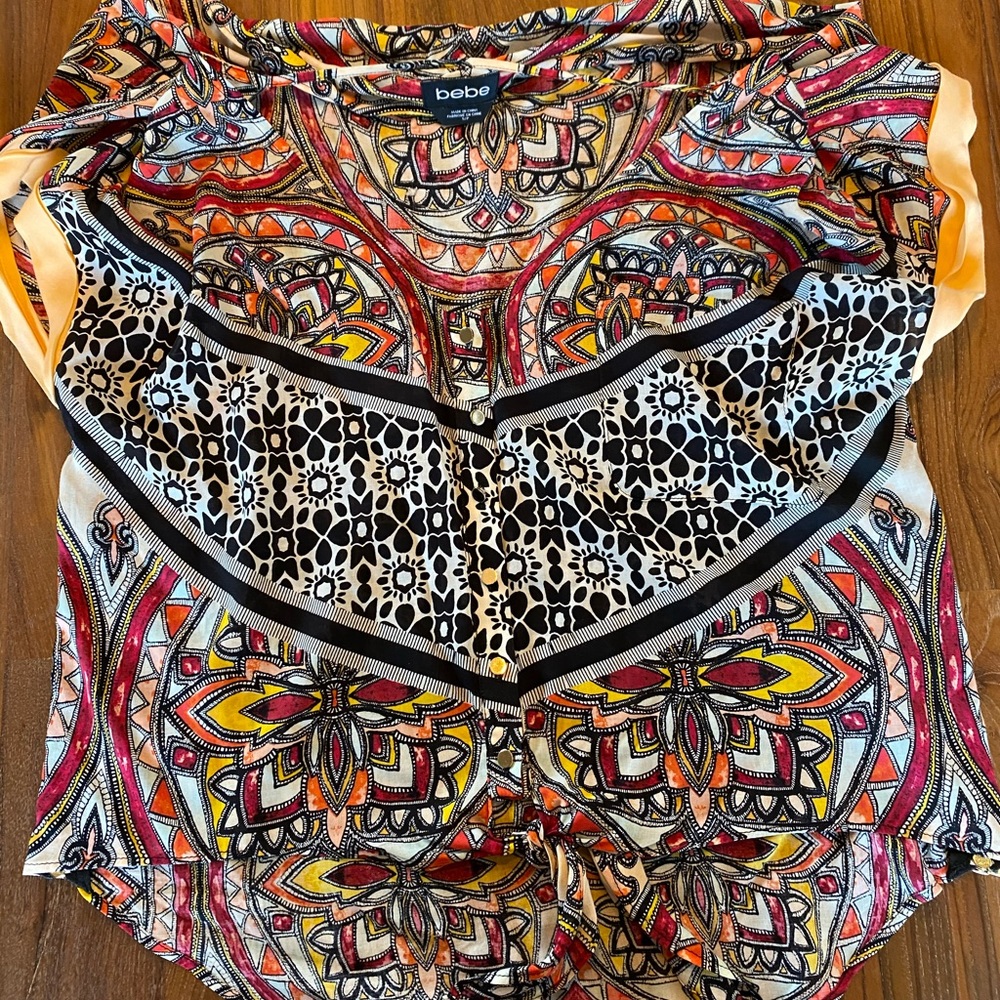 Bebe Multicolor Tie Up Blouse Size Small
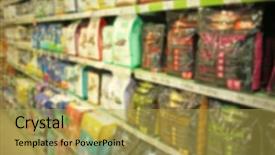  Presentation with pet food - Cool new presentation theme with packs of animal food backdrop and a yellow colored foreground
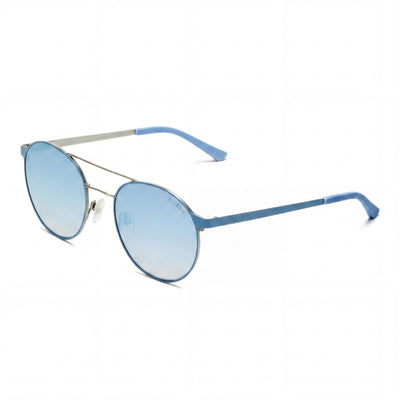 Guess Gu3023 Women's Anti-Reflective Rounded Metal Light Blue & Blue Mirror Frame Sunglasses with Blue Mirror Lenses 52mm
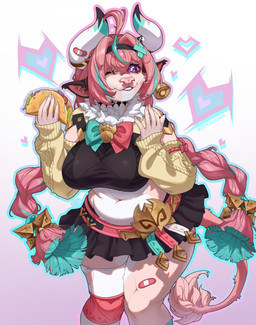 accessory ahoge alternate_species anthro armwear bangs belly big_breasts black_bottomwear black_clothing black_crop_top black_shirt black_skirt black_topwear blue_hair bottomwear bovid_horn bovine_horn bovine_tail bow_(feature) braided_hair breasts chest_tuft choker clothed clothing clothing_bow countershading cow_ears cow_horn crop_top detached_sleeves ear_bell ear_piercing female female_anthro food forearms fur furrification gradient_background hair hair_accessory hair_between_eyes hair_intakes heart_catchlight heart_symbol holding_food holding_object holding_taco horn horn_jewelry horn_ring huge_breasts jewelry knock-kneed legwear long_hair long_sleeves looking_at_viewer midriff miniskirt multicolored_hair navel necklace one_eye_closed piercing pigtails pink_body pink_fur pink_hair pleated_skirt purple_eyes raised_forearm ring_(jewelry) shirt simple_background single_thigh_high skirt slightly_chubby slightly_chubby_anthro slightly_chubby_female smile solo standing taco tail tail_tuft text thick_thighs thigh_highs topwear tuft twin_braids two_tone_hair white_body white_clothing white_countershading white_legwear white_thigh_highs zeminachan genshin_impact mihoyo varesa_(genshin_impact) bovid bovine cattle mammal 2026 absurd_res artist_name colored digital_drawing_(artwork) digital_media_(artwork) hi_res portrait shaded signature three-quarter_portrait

...

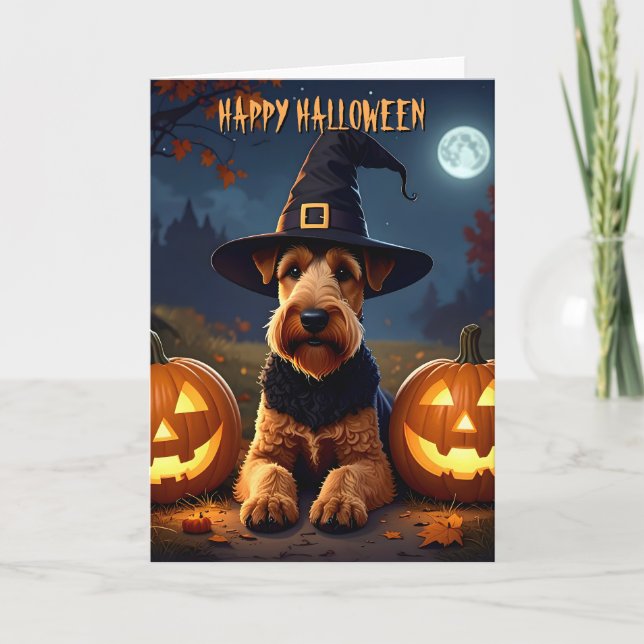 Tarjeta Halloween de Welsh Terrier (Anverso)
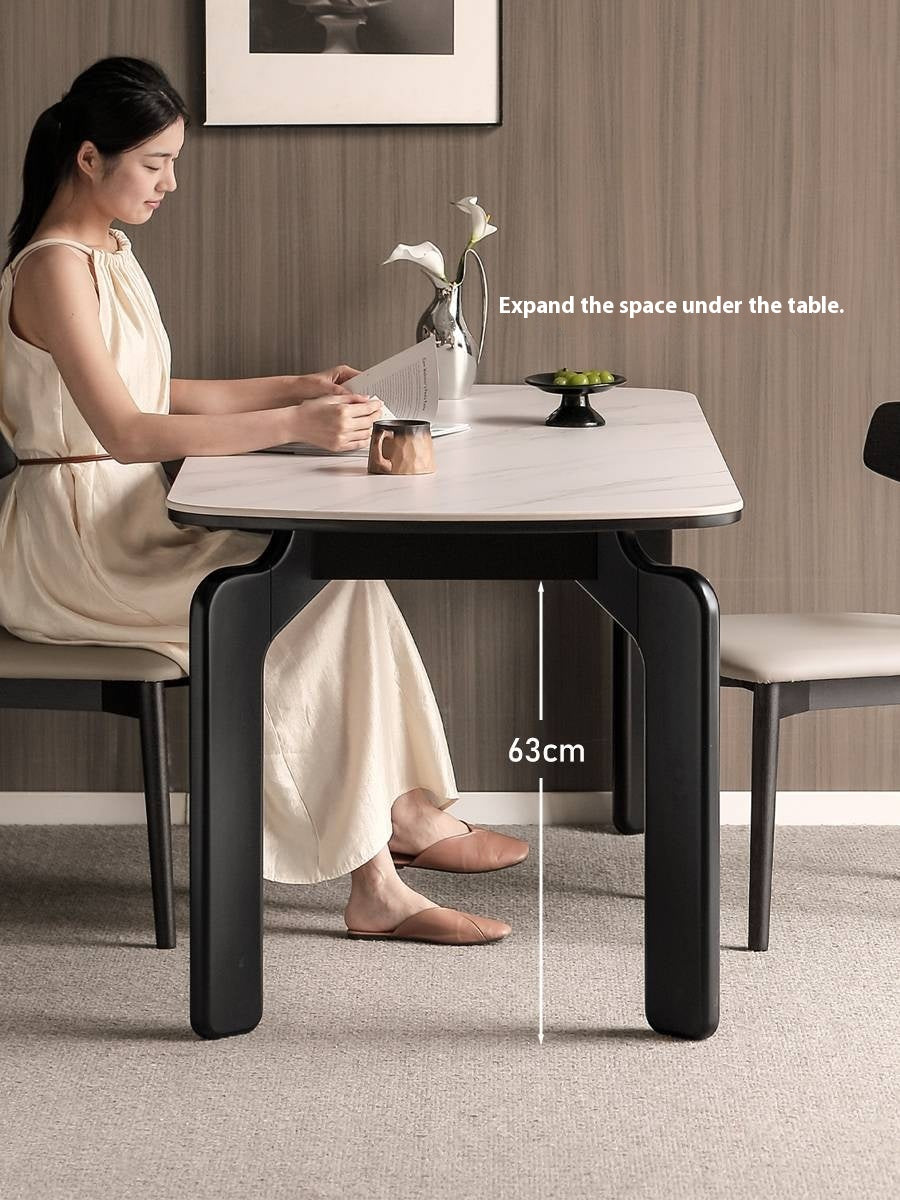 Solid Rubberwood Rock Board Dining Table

* * *

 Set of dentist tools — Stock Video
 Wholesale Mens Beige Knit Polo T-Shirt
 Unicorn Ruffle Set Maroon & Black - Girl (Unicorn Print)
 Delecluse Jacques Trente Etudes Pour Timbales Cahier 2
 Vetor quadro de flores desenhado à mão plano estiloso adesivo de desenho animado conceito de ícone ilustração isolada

• Task requirements: A clean copy is needed of the lines above from the one with "Bebe Multicolor Tie Up Blouse Size Small" up to and including the one with "Guess Gu3023 Women's". Please set it down exactly, with no pictures.

• Response area:
 Bebe Multicolor Tie Up Blouse Size Small
  Presentation with pet food - Cool new presentation theme with packs of animal food backdrop and a yellow colored foreground
 Guess Gu3023 Women's Anti-Reflective Rounded Metal Light Blue & Blue Mirror Frame Sunglasses with Blue Mirror Lenses 52mm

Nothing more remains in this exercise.